Aujourd'hui, je ressens plutôt qu'il s'agit d'apporter un message et que ce message s'encombrerait mal d'un grand renfort de moyens. Il ne s'agit pas de s'adresser à des foules, mais de parler dans des maisons, c'est-à-dire des foyer, c'est-à-dire de parler aux cœurs des personnes autour du foyer.
C'est une image, mais je la garde pour le renversement qu'elle contient : la bonne nouvelle de l'Évangile ne se prêche pas d'en-haut, comme les édits de César, ou les prescriptions des scribes et des chefs des prêtres, mais d'en-bas. C'est qu'on accueille beaucoup plus facilement les personnes dans lesquelles on se reconnaît. Pour la plupart, ces messagers sont des travailleurs, artisans ou cultivateurs, comme ceux qui les recevront. Ils ne manqueront pas, tout en parlant de la proximité du Royaume, de donner un coup de main aux champs ou dans l'atelier.

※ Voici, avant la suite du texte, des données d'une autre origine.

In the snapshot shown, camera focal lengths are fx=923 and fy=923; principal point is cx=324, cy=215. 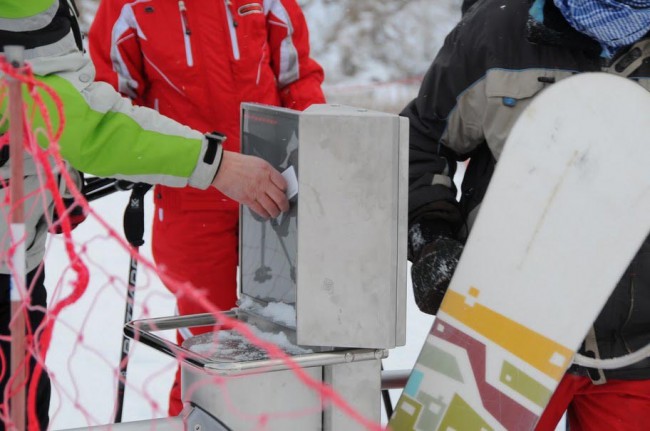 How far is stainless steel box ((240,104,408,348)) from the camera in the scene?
1.56 m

D'ailleurs, aussi simpliste que cela puisse paraître, le fait de prendre part gratuitement aux taches quotidiennes, c'est déjà le Royaume qui est là. Je me souviens que, dans ma quête éperdue d'une vérité qui serait "acceptable pour le cœur" - dans les années 70, j'avais cru devoir adopter des attitudes particulières, voyager loin, chercher des lieux propices, apprendre un vocabulaire différent, connaître la philosophie, tenter l'expérience du caisson d'isolation sensorielle, etc. Mais j'étais toujours déçu. Par contre, dans mes moments de repos, je rédigeais de courts poèmes, que je déchirais ensuite - et un jour, une amie me reprend et me dit : "mais ce texte est bon, pourquoi l'avoir jeté ?" Elle avait parfaitement raison en ce sens que la vérité est si proche de nous que, la plupart du temps, nous ne la voyons pas même pas ! Comme humains, notre plus grand manque, c'est l'attention aux choses du quotidien.